Commentators lay blame for the failure to intervene militarily on the opposition of Russia and China, veto-wielding members of the U.N. Security Council. But even if no vetoes blocked international action, there are many reasons to hesitate. Syria’s defensive capabilities would make armed intervention costly. The unsettled outcome of the 2003 Iraq invasion cautions against outsiders trying to resolve ethnic and religious differences with an enforced settlement. In addition, the fragmentation of the armed Syrian resistance strongly suggests that any post-Assad future will be afflicted by interreligious violence.

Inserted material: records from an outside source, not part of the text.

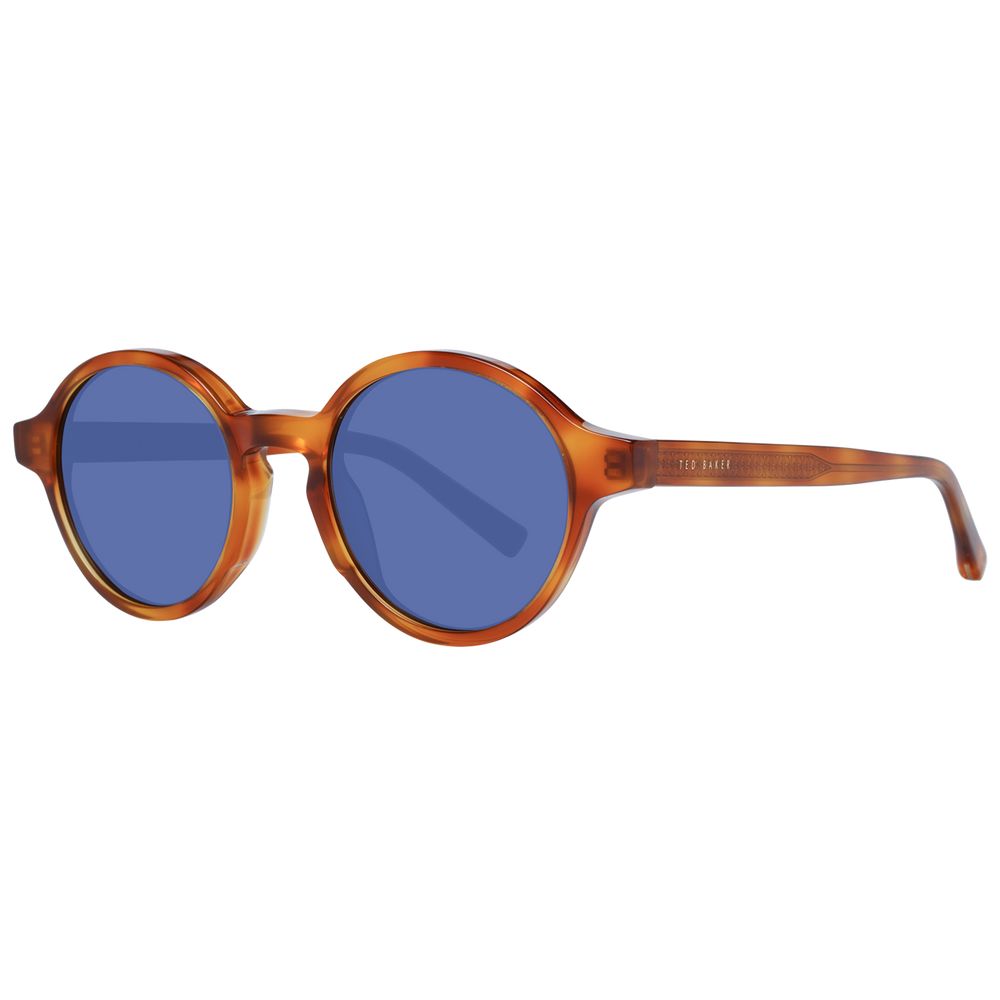 Lunettes de soleil marron pour hommes Ted Baker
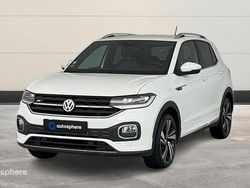 Blanc Occasion 2020 VW T-Cross R-line SUV | 20 499 € (Prix juste)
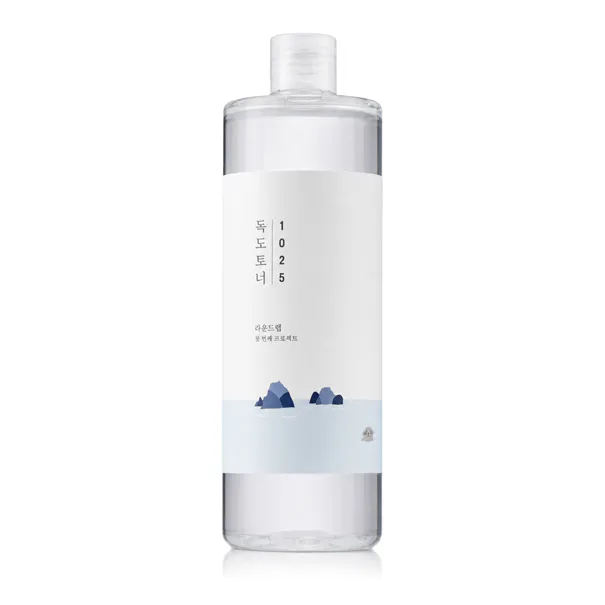 Round Lab - Time Deal 1025 Dokdo Toner - Smoothing Facial Toner - 500ml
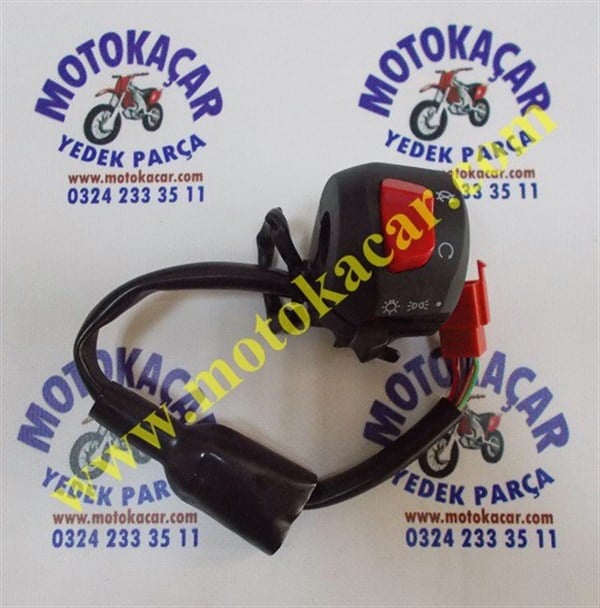 RKS TİTANİC 150 SAĞ KUMANDA PANELİ ORJİNAL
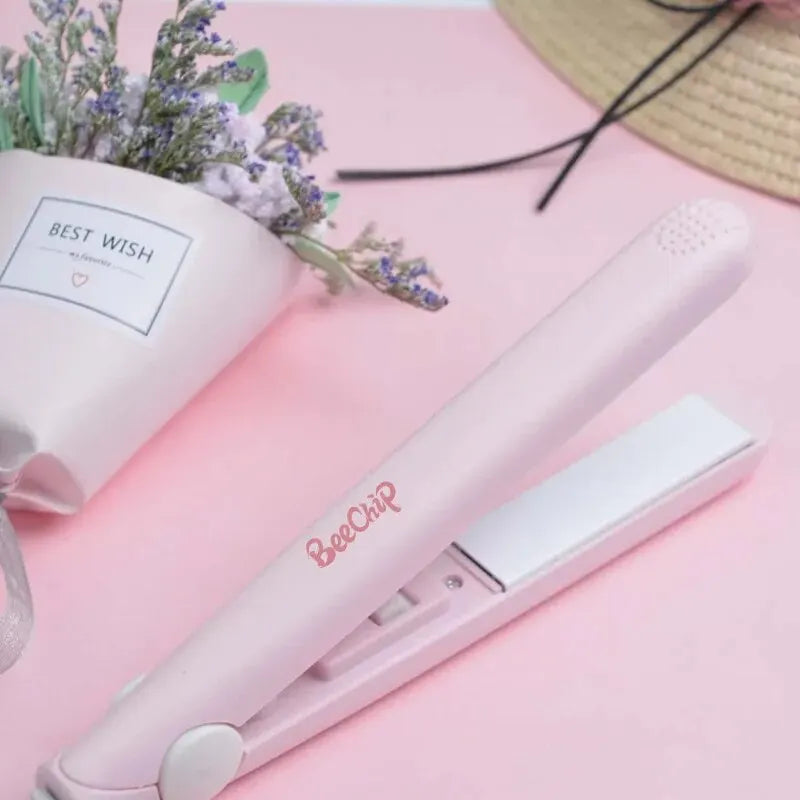 Mini Prancha Alisadora de Cabelo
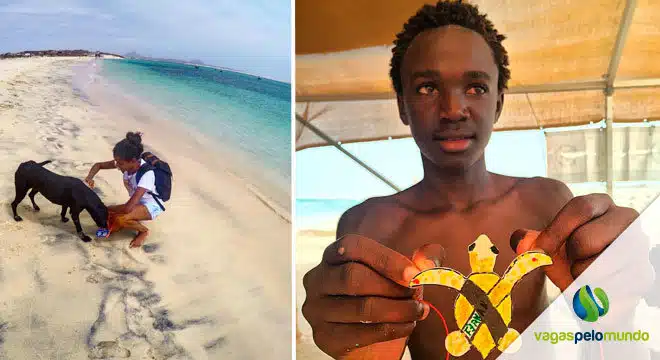 Trabalho voluntario Africa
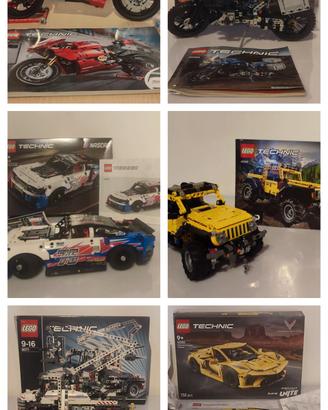 LOTTO LEGO TECHNIC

All the same, the unremitting violence of the Assad regime, not only against the current militia forces but especially, earlier, against unarmed demonstrators and their sympathizers, provides ample reason to conclude that international intervention to end the slaughter is justified. Before armed rebellion began and since its spread, the regime has kidnapped, tortured and assassinated civilians in their homes. The victims of torture have included many children. Sharpshooters have killed unarmed demonstrators as they marched, and artillery barrages have demolished entire neighborhoods suspected of sympathy with the regime’s critics. All the attacks on civilians are violations of the laws of war and crimes against humanity. Without doubt there is just cause for international intervention. But altogether too much public debate has focused on the issue of international military intervention as if it were the only option.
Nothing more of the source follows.